Evidently he didn't learn his lesson. Later he found himself back in the
middle of the action. "One morning we went to the front line to see
if the Taliban forces had entrenched themselves further north, but they
had been in a rather tenuous situation the night before," he says.
"It still wasn't clear that they were going to hold onto Kabul. They
were organizing buses to take the soldiers out in case they lost the city.
We didn't see a front line, so we just kept on driving." They discovered
that the Taliban soldiers had moved from one position to another -- and
that they were now in the territory controlled by the former government
forces. "We were being shelled by the Taliban, and we were wondering
how the hell we were going to get back in the city," he says.
Such is the life of a war reporter: the rockets' red glare sometimes gets
a little too close for comfort. Gordon has been in the vicinity of exploding
shells more than once, "and very close to bullets that may or may
not have been aimed at me -- not just in Afghanistan, but in Bosnia, Moscow,
and other places," he says. "It's part of what you do as a foreign
correspondent. What you learn over time is how close you can go -- and
you need to get close -- without getting yourself into a situation where
you become the news story instead of reporting on it.
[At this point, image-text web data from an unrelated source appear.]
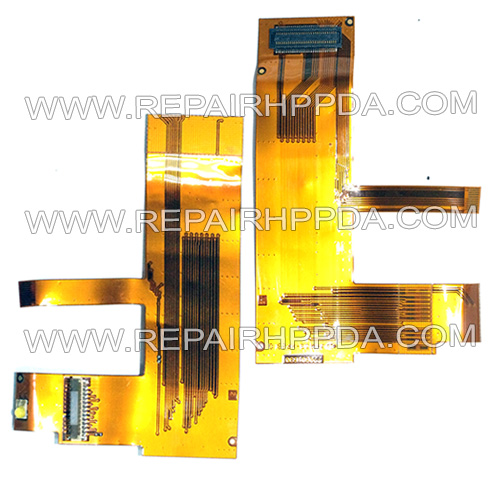 LORAX Scan Engine  Flex Cable Replacement for Datalogic Falcon X3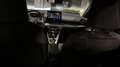 Toyota Yaris Yaris IV 2020 1.5h Trend Argento - thumbnail 16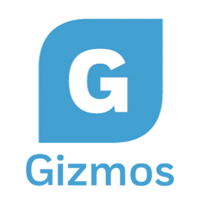 /tim/sites/tim/files/2023-07/gizmos_icon.png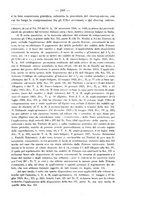 giornale/TO00194049/1928/unico/00000281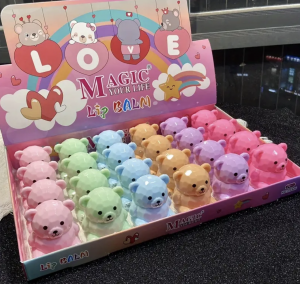 Captura de Pantalla 2025-04-23 a las 18.54.26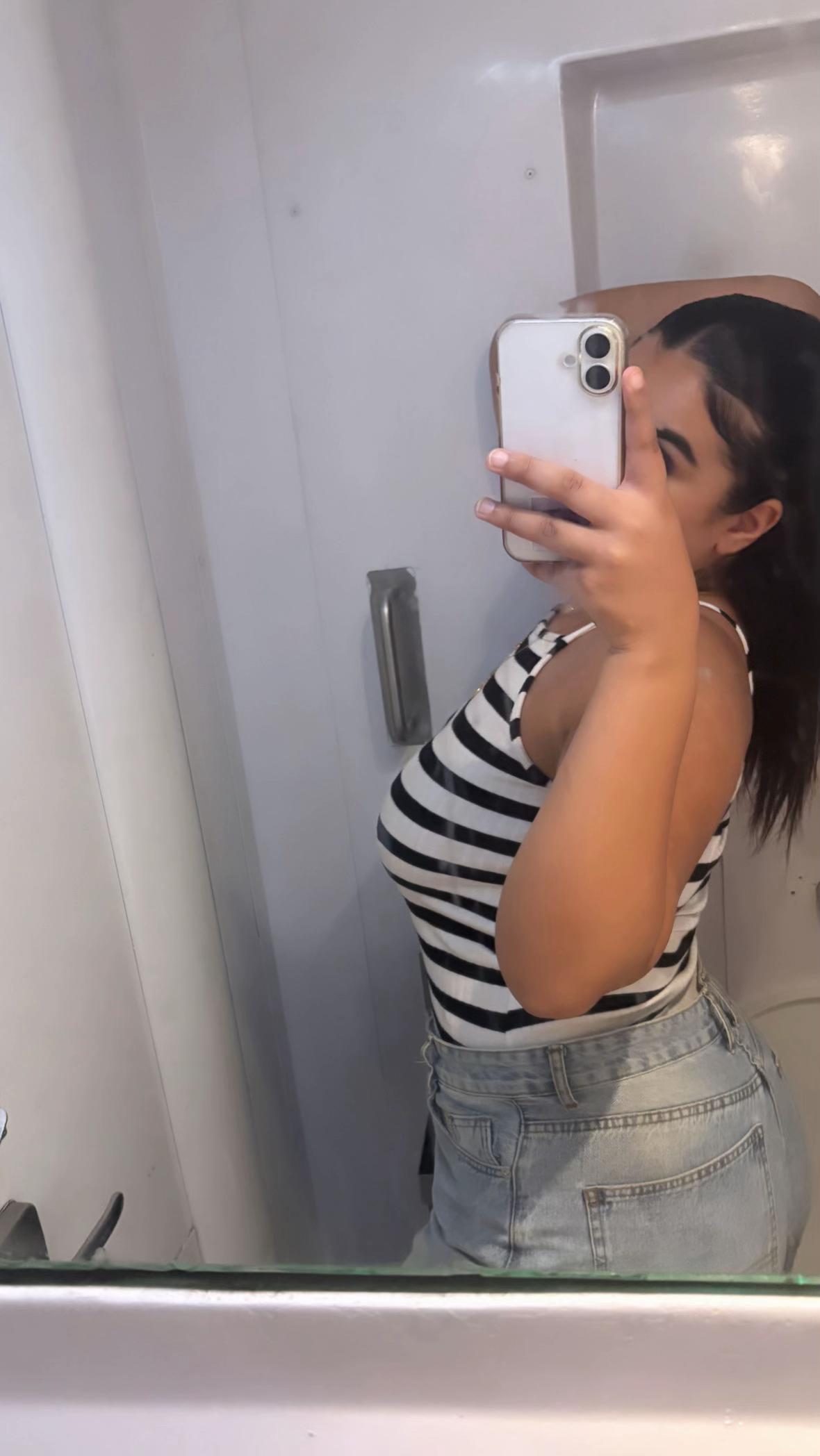 @grgs_rymaa1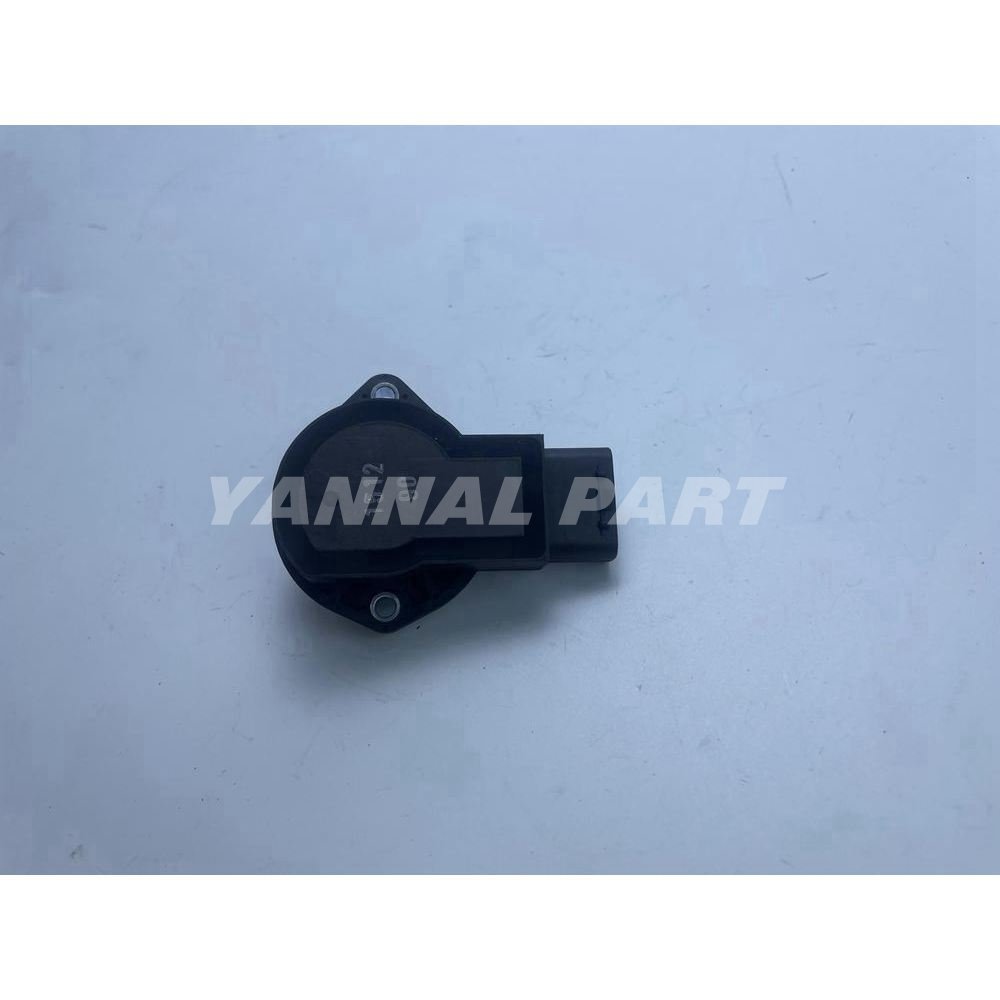 Sensor TD160-32303 Fit For Kubota Engine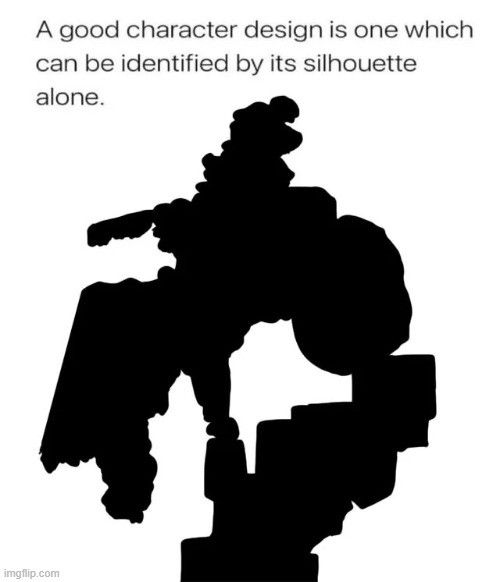 Imgflip
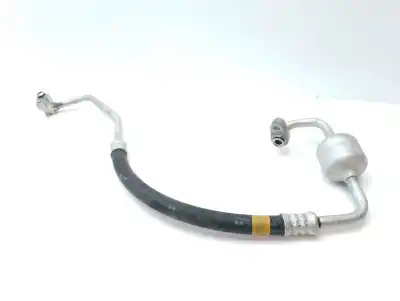 Second-hand car spare part air conditioning pipes for lexus ux (za10) 250h e-four oem iam references 8870376020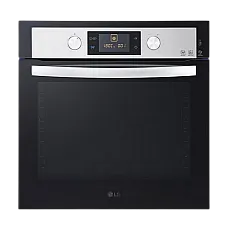 BinOven/el LG LB645059T1..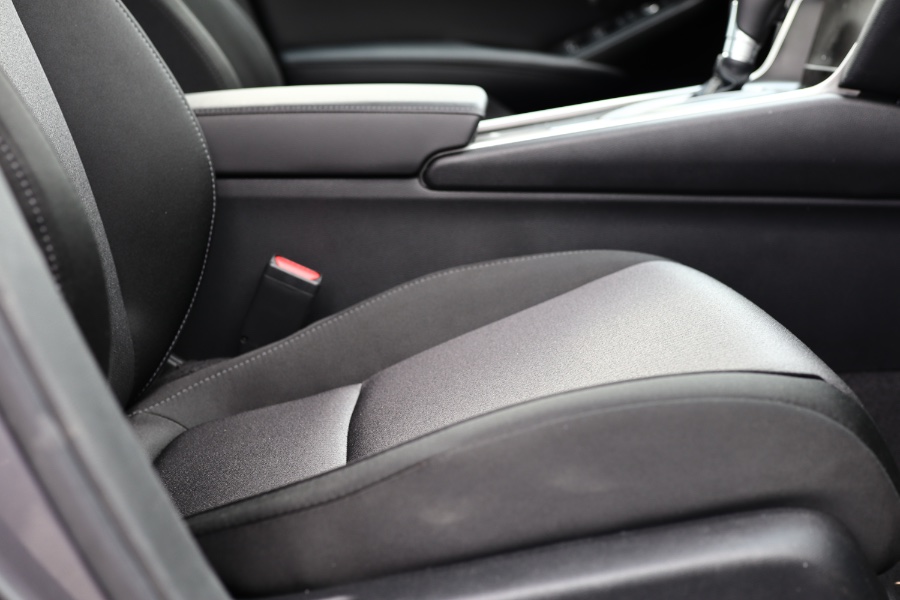 Used Honda Accord Sedan LX 1.5T CVT 2021 | Hillside Auto Mall Inc.. Jamaica, New York Used Honda Accord Sedan LX 1.5T CVT 2021 | Hillside Auto Mall Inc.. Jamaica, New York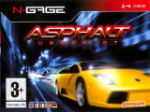 Asphaltgt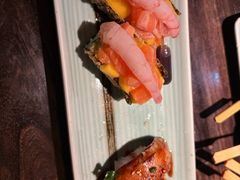 -眷屋の深夜食堂(云锦中心店)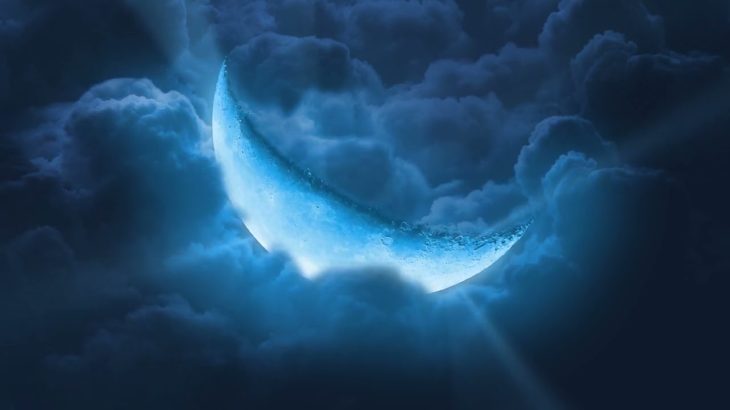 【5分で寝れる- 睡眠用BGM】本当に疲れが取れて熟睡できる睡眠導入音楽と穏やかな波の音｜睡眠負債を解消し心身を修復する睡眠用BGM｜睡眠 音楽、リラックス 音楽、心が落ち着く音楽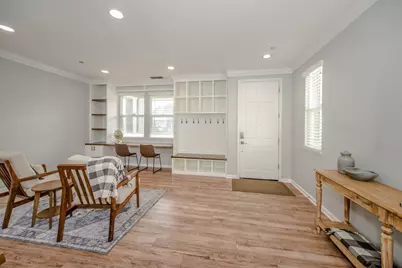 2795 Ortiz Place, Woodland, CA 95776 - Photo 7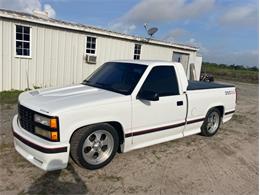1990 Chevrolet 1500 (CC-1688165) for sale in Punta Gorda, Florida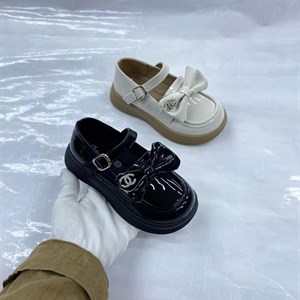 Качественная детская обувь от магазина Фантазия | Размеры 26-31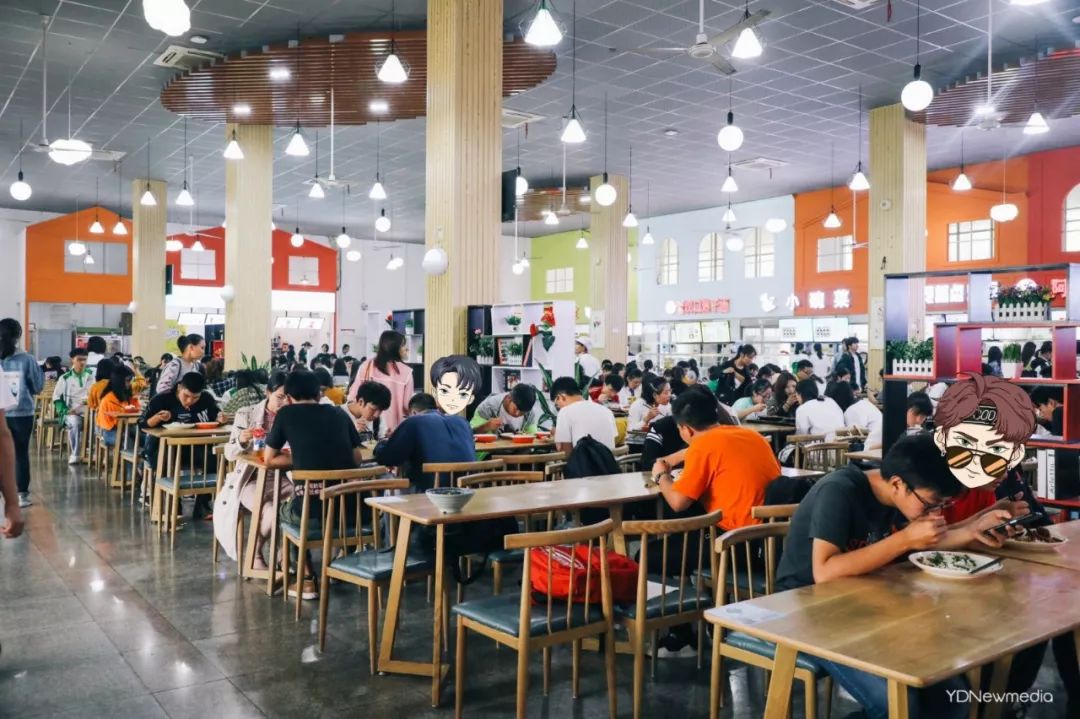 浠庢姹夋斁鍋囧洖瀹剁殑瀛︾敓,浠庢姹夊洖鏉ョ殑澶у鐢熶滑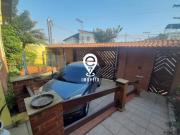 Casa à venda, 3 quartos, 1 suíte, 2 vagas, Cidade Vargas...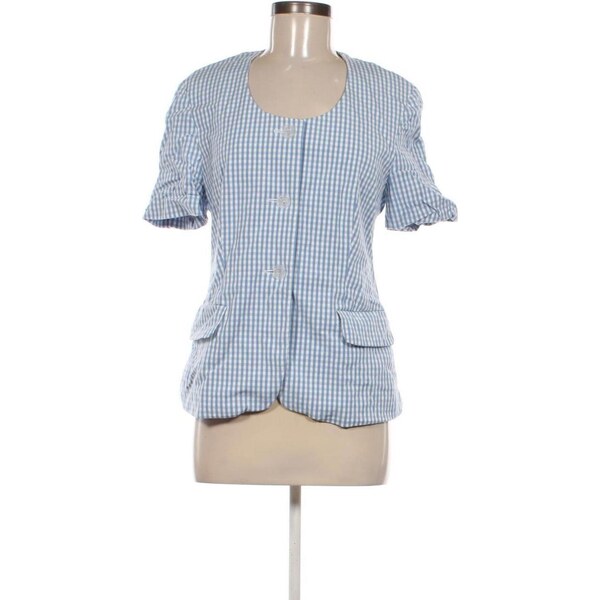 Dámske sako Taifun 64852853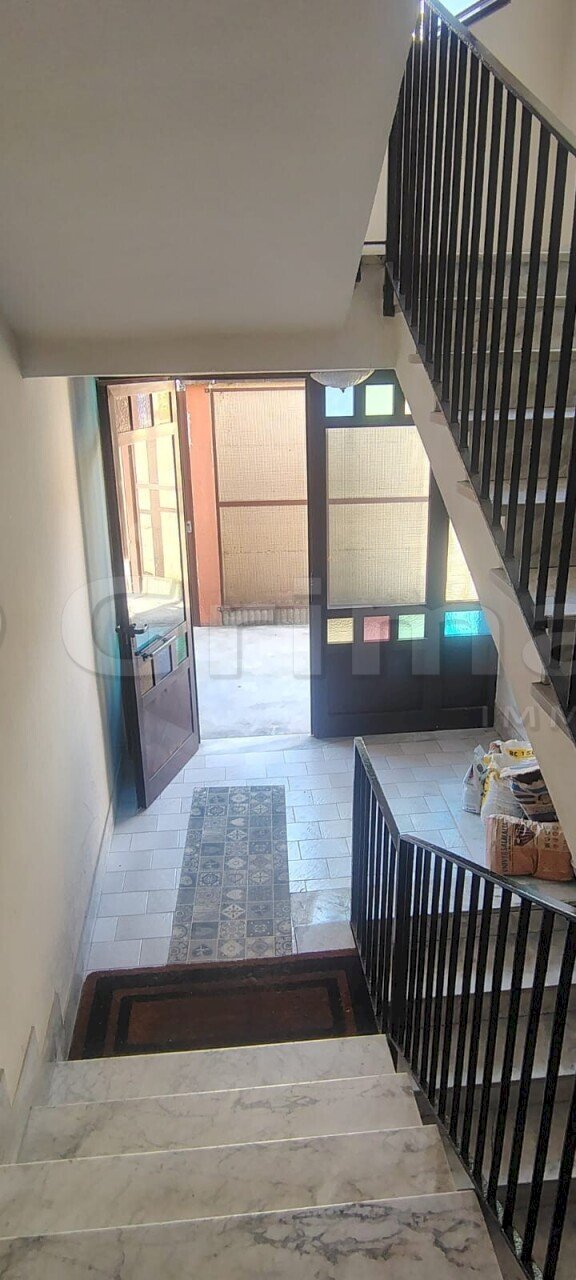 WhatsApp Image 2026-03-14 at 11.48.34(1).jpg - Trilocale Villaricca - foto 1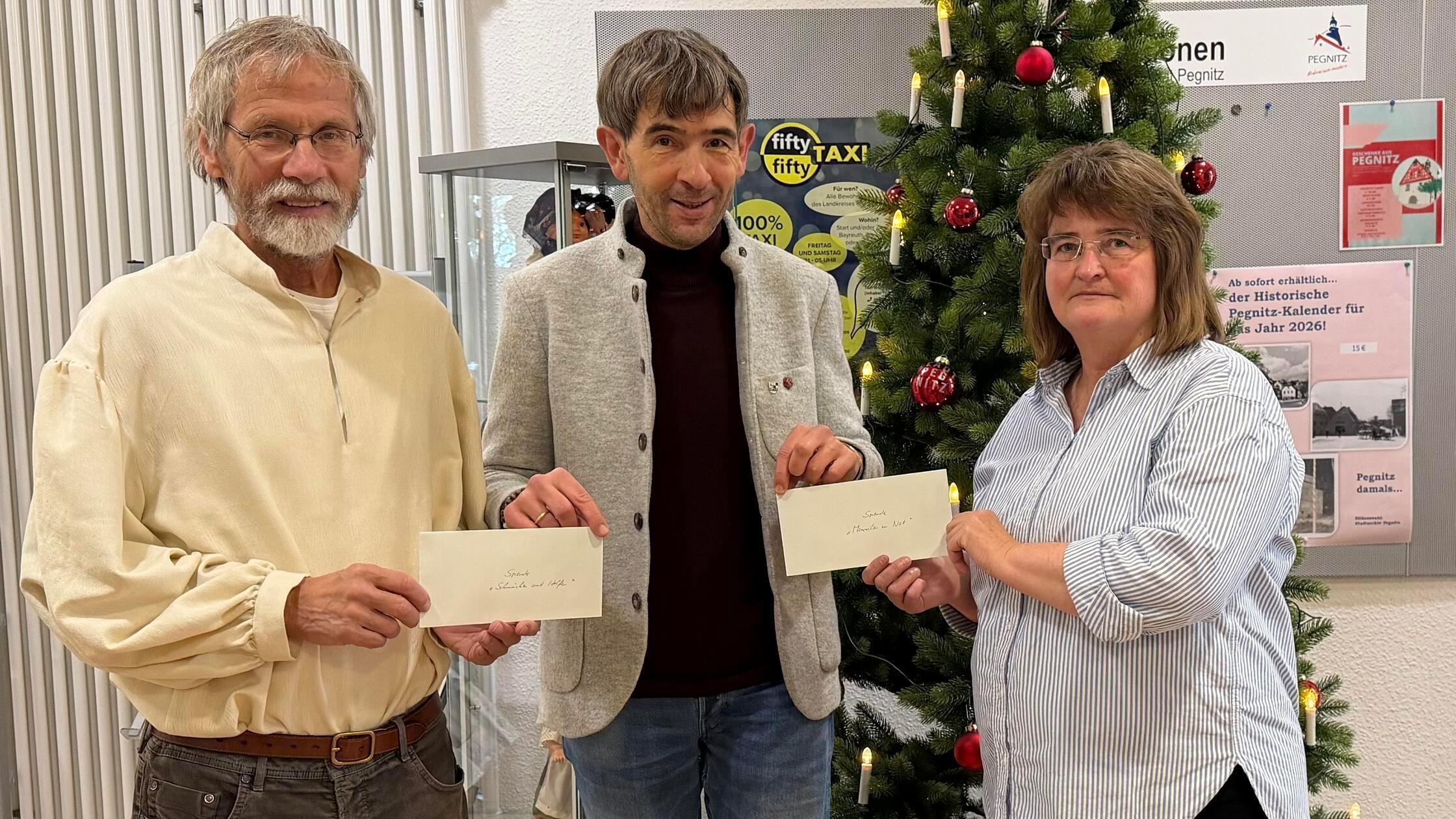 Wie-Spenden-der-NN-Hilfsaktion-Hoffnung-schenken-und-warum-Armut-oft-unsichtbar-bleibt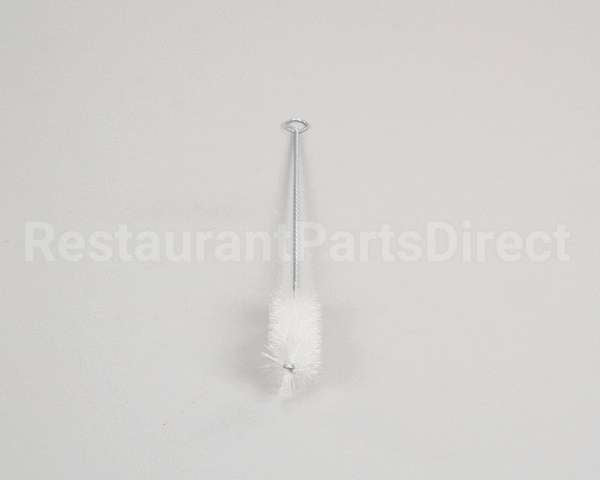 82049 Server Brush 11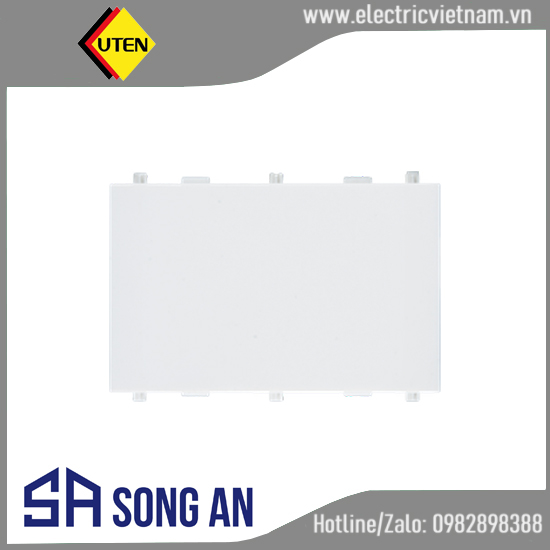 Mặt che trơn size L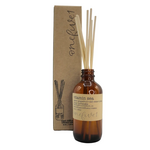 Vitamin Sea - Reed Diffuser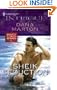 Sheik Seduction (Harlequin Intrigue)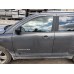 Молдинг дверь стекло центральный перед левый Jeep Compass 11-16 USA 05074715AC, 5074715AC купить на разборке в Киеве в Виннице в Одессе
But in a very fluid
situation it's hard to determine." It's difficult to know where to
draw the line when the line keeps moving.
But Gordon has had plenty of practice: he's also covered conflicts in
Kashmir, Indonesia, and Sri Lanka, as well as unrest in South Africa,
Mozambique, Pakistan, India, and the Middle East.
So what does a veteran of combat reporting do when callers begin sparring
with Arab journalists on his first official day as host of The Connection?
He steps into the breach and takes control. Screaming matches may make
titillating fodder for some listeners, but the program certainly isn't
The Jerry Springer Show's radio counterpart. "It's not theater,"
Gordon says. "It's trying to make some sense of a situation where
there is already a whole lot of noise. As soon as things get to a point
where people are speaking and not listening to one another, we're not
doing much for people who are listening."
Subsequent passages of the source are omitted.